## TASK INSTRUCTIONS
Only the images are to be dropped; the records themselves must be repeated exactly.

## DATA UNDER STUDY
[Start of section]
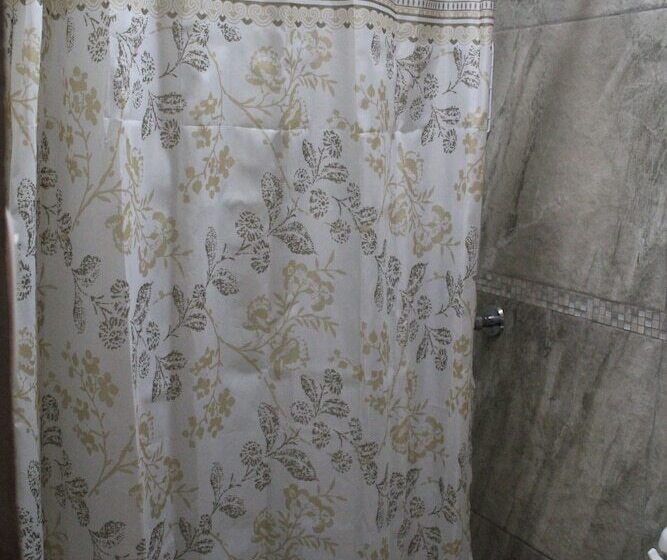 اتاق استاندارد سه نفره, Villa Angelo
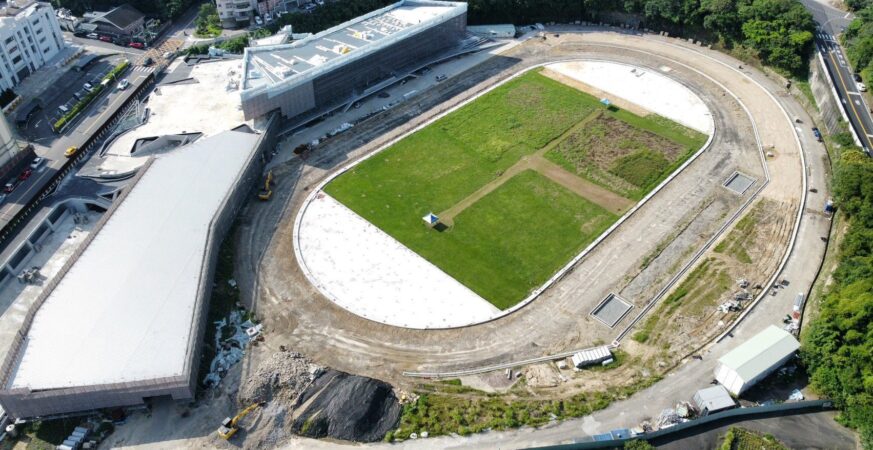 基隆市立田徑場改建工程進度達六成　首座標準認證跑道預計明年暑假啟用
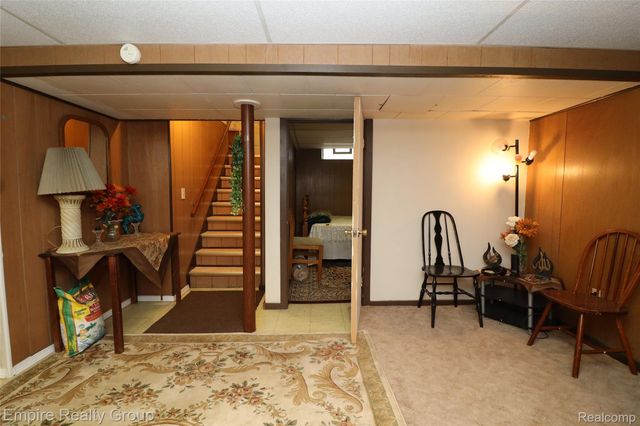 25046 Stanford Street, Dearborn Heights, MI 48125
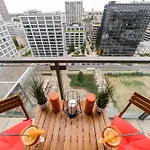Lumina Cozy Platinum Tower 公寓 华沙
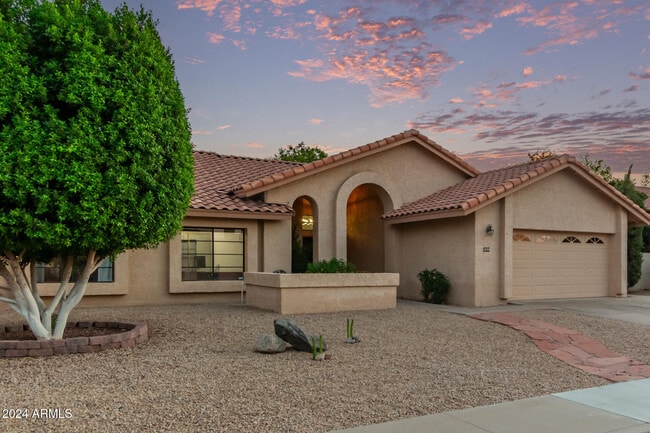 Building Photo - 2555 N Tamarisk St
[End of section]
## SOLUTION FOR THIS PROBLEM
 اتاق استاندارد سه نفره, Villa Angelo
 基隆市立田徑場改建工程進度達六成　首座標準認證跑道預計明年暑假啟用
 25046 Stanford Street, Dearborn Heights, MI 48125
Lumina Cozy Platinum Tower 公寓 华沙
 Building Photo - 2555 N Tamarisk St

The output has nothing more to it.